» To do
Looking at the data below, count the lines that contain the string "image". Write only the total.

** Supplied information follows **

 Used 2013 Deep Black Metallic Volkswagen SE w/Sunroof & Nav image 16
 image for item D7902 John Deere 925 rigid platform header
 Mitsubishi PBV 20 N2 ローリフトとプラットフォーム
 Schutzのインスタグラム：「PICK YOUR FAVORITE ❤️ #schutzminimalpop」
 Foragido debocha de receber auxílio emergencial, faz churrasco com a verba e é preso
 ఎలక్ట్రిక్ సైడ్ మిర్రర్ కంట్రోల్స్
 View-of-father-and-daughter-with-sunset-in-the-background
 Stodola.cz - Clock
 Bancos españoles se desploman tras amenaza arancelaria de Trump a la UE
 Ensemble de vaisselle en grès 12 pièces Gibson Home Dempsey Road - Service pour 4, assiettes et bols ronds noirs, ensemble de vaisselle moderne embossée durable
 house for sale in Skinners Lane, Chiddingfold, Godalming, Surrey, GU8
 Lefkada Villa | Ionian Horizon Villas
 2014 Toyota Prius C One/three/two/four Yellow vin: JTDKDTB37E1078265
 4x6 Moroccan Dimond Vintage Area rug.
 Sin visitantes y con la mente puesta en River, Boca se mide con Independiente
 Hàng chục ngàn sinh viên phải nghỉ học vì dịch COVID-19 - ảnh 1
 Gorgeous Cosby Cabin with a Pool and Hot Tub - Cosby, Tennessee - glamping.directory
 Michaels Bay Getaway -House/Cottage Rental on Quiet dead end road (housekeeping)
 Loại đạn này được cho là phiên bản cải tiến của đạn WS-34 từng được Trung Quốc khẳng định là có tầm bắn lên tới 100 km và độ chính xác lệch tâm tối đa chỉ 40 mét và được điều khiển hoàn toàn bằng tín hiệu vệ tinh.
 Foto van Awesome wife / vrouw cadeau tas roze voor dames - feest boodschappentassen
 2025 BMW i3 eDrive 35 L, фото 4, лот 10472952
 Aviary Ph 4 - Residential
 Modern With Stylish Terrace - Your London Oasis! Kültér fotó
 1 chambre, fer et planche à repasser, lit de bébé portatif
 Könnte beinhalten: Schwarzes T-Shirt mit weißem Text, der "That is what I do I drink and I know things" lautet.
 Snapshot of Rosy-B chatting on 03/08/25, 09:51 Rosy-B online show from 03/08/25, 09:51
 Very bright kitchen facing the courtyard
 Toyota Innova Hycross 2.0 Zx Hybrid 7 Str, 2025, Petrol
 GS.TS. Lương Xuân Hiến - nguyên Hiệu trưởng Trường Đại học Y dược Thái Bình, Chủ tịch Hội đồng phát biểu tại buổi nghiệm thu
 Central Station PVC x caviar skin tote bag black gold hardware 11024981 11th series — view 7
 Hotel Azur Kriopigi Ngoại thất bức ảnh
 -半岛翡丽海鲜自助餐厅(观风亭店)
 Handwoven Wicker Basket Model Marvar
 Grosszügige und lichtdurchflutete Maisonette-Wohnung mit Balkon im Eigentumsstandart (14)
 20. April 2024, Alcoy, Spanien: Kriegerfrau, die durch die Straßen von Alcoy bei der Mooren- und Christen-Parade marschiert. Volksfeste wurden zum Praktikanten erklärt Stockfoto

** End of Supplied information **

» Reply
2